From a Large Minority to a Small Community
Jews had always been a minority wherever they had lived, but in Eastern Europe they were a large minority prior to the Holocaust. Yiddish was a language so widely spoken that many non-Jewish Poles and Lithuanians had a comprehension of it, and those who worked in certain trades sometimes even mastered it.5 In Northern Europe, Jews encountered a different Jewish culture and a new social position.
From being part of a very large minority—who in fact constituted the majority of the population in the part of town they came from—they became a very small minority, and they were confronted by an assimilatory and rather homogeneous non-Jewish environment.There were also substantial differences between the Nordic countries regarding social relations and values within the Jewish communities. The Eastern European Jews who moved to larger cities like Copenhagen, Gothenburg, and Stockholm met acculturated Jewish communities like the bourgeois Jews of Western Europe. These were communities and individuals with a rather stable economic position that in particular fostered the idea of the Germanic Bildung. Many regarded themselves as Danes or Swedes with a Mosaic faith rather than as ethnic Jews (Bredefeldt 2008, 214; Thing 2008, 25). The newcomers to Sweden and Denmark had to deal with the established communities’ bourgeois way of life and strong opinions on how Jewishness should be expressed.
Thus, clear class and cultural distinctions between the old families and the Eastern European newcomers developed. For the likes of the Schwartzmans, who might have been impoverished but had probably belonged to the upper strata in Nayshtot, this may have been a difficult experience. In addition, the established communities’ path of assimilation or acculturation was not an option for most newcomers. Rather, they defined themselves by traditions, culture, and Zionism (Banik 2016; Ekholm and Muir 2016).
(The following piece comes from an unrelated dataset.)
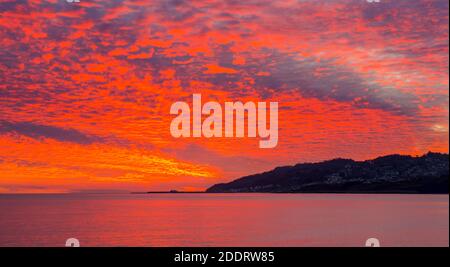 Charmouth, Dorset, UK.  26th November 2020.  A spectacular fiery red sunset fills the sky viewed from Charmouth in Dorset looking towards Lyme Regis at the end of a sunny day   Picture Credit: Graham Hunt/Alamy Live News Stock Photo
Not surprisingly, this created mutual suspicions. The established families feared that the Eastern European newcomers, with their foreign habits, language, and appearance, would cast a shadow on all Jews and increase the anti-Semitism they so carefully tried to avoid (Bredefeldt 2008, 77–78).Despite the relative absence of discriminatory laws regarding civil rights, Jewish migrants were not necessarily warmly welcomed in the Nordic countries. For instance, Swedish and Norwegian authorities clearly discriminated against the naturalisation of Eastern European Jewish applicants (Carlsson 2004; Johansen 2005). As mentioned above, Jews were not granted citizenship in Finland until 1918. Anti-Semitism was latent at most times, but anti-Jewish sentiments were present in cartoons, media, and fiction (Andersson 2000; Lien 2016; Ekholm 2013, 109–110). Importantly, most of the anti-Semitism was directed against a particular notion of Jews or Jewishness, such as the Bolshevik Jew or the capitalist Jew. Only occasionally did sentiments target actual Jews living in the Nordic countries (e.g. Banik 2015, 21–30). Nevertheless, whether it was a fear of Bolshevism or criticism of capitalism, the idea of Jews as a factor behind the forces that were shaking up the modern world was often present in the rhetoric, regardless of the actual number of Jewish individuals (Ekholm and Muir 2016, 176). While there were no pogroms in the Nordic countries, the social sphere for Jews was rather narrow.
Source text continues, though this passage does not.